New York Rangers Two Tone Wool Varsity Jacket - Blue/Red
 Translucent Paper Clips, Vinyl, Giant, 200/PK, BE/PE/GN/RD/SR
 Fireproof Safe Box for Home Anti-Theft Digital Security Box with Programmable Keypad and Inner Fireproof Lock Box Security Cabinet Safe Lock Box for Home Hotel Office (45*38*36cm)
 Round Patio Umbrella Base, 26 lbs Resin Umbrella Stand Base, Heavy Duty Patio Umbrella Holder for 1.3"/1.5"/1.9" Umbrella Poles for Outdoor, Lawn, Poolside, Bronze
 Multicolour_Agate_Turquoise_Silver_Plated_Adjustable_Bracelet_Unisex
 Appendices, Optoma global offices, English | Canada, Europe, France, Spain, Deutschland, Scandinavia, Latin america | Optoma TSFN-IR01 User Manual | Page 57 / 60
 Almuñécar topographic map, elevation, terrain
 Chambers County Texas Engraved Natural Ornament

*Problem details*
An exact repeat of the lines from the one containing "Appendices, Optoma global" through the final line of the entries is the whole answer.

*Response below*
 Appendices, Optoma global offices, English | Canada, Europe, France, Spain, Deutschland, Scandinavia, Latin america | Optoma TSFN-IR01 User Manual | Page 57 / 60
 Almuñécar topographic map, elevation, terrain
 Chambers County Texas Engraved Natural Ornament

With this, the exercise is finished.